The Week in Film: Jarmuschian Vampire edition


Only Lovers Left Alive
(Sony Pictures Classics)

In Theaters

If you see one movie this weekend, make it Only Lovers Left Alive.  In what could be Jim Jarmusch’s best work, Tilda Swinton and Tom Hiddleston play centuries-old vampires who offer witty musings on existence while traversing Detroit and Tangier by night.  As of now, it’s my #3 movie of the year behind The Grand Budapest Hotel and The Past, and might be #2 if The Past is deemed a 2013 release.

If you have time for another movie, see Only Lovers Left Alive again, and if there’s room for a third, check out God’s Pocket.  Directed by Mad Men‘s John Slattery, the dark drama features one of Philip Seymour Hoffman’s final performances and strong supporting turns from Christina Hendricks, John Turturro, and Eddie Marsan.

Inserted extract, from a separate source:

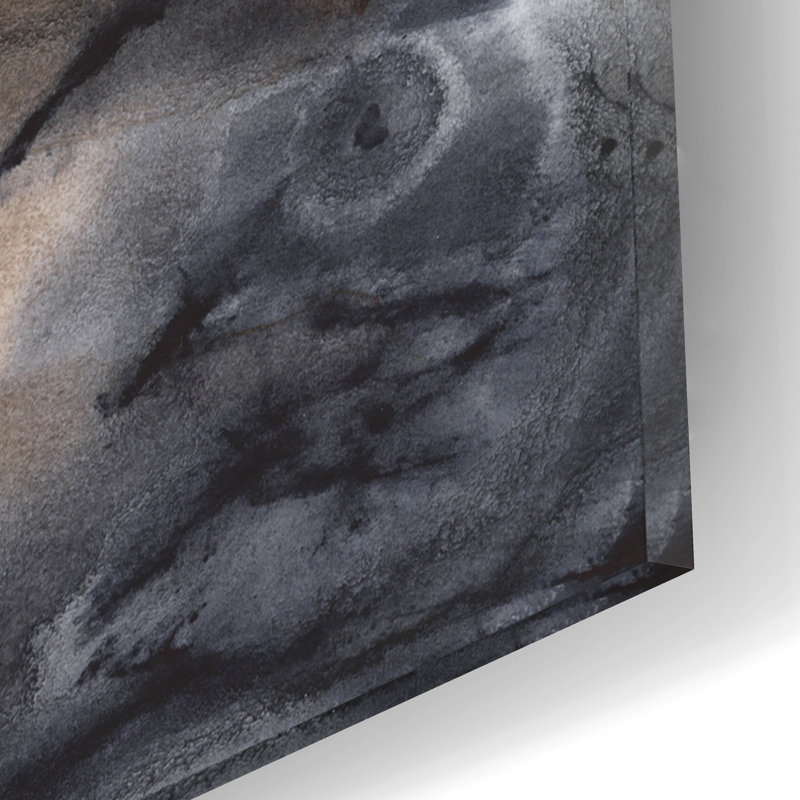 «Midnight Swirl II» par Regina Moore, H 12 po x l 16 po x P 0,13 po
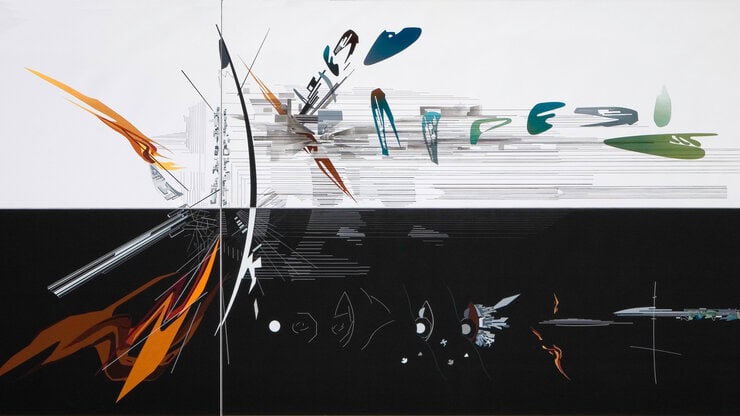 cover cover Serpentine Sackler Gallery Zaha Hadid’s early paintings at Serpentine Sackler Gallery cover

I missed the press screening for The Railway Man two weeks ago, so I’ll be playing catch-up with this tale of a British former P.O.W. (Colin Firth) suffering from PTSD who seeks revenge on his Japanese torturer.  Nicole Kidman and Stellan Skarsgård also star.  The other newbies are Godzilla, touted by many major market critics as the best blockbuster in years, and Million Dollar Arm.  Keeping the Mad Men theme going, the Jon Hamm vehicle looks like your average sappy sports movie, but whose screenplay by Tom McCarthy (Win Win) makes its Indian baseball (no, not like Major League) story far more interesting.

Fleeing the Scene

Finding Vivian Maier proved that Asheville can occasionally support a documentary and ends its improbable three-week run.  Elsewhere, Blue Ruin and Particle Fever rightfully flopped and NeighborsThe Amazing Spider-Man 2, and Legends of Oz: Dorothy’s Return have been cut back to a single screen apiece.

(Warner Bros.)


Spike Jonze’s masterful Her and the erotic French thriller Stranger by the Lake are two highly recommended and vastly different new options.  Even though Michel Godry’s last film, The We and the I, was a near-total mess, I’m curious to check out his animated conversation with Noam Chomsky, Is the Man Who Is Tall Happy?  I have no desire, however, to revisit two of the year’s worst offering to date, I, Frankenstein (which my Citizen-Times colleague Bruce Steele gave an “F”) and That Awkward Moment (which got failing marks from me).

On Netflix Instant

An unusual yet exciting range of titles this week, starting with Michael Bay’s best film, Pain & Gain, and Joss Whedon’s fun, low-budget production of Much Ado About Nothing.  The aforementioned Stranger by the Lake and Is the Man Who Is Tall Happy? are also available, and while I didn’t go gaga over Abbas Kiarostami’s Like Someone in LoveI respect its artistry and reserved storytelling.  Conversely, I admire less about the MacArthur-in-Japan flick Emperor and its goofy Matthew Fox performance and next to nothing about animated monstrosity Free Birds, one of my ten worst films of 2013.  The sound of Owen Wilson screaming still haunts me on certain nights.